* _Information_:
----------------

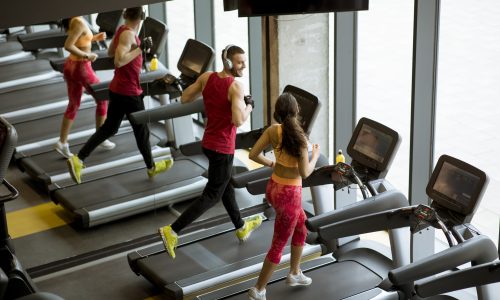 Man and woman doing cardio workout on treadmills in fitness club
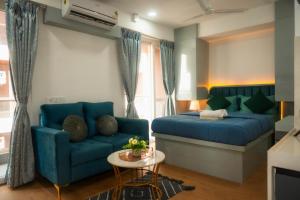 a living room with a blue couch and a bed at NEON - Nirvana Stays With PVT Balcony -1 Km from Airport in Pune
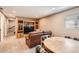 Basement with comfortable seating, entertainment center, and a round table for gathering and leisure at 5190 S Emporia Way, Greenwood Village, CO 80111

----------------

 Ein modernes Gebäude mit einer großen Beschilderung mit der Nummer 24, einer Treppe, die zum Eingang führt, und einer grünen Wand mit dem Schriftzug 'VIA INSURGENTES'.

----------------

Between and including the line with "Man and woman" and the line with "Basement with comfortable", repeat every line exactly as it appears above, with pictures left out.

* _Problem solution_:
 Man and woman doing cardio workout on treadmills in fitness club
 a living room with a blue couch and a bed at NEON - Nirvana Stays With PVT Balcony -1 Km from Airport in Pune
 Basement with comfortable seating, entertainment center, and a round table for gathering and leisure at 5190 S Emporia Way, Greenwood Village, CO 80111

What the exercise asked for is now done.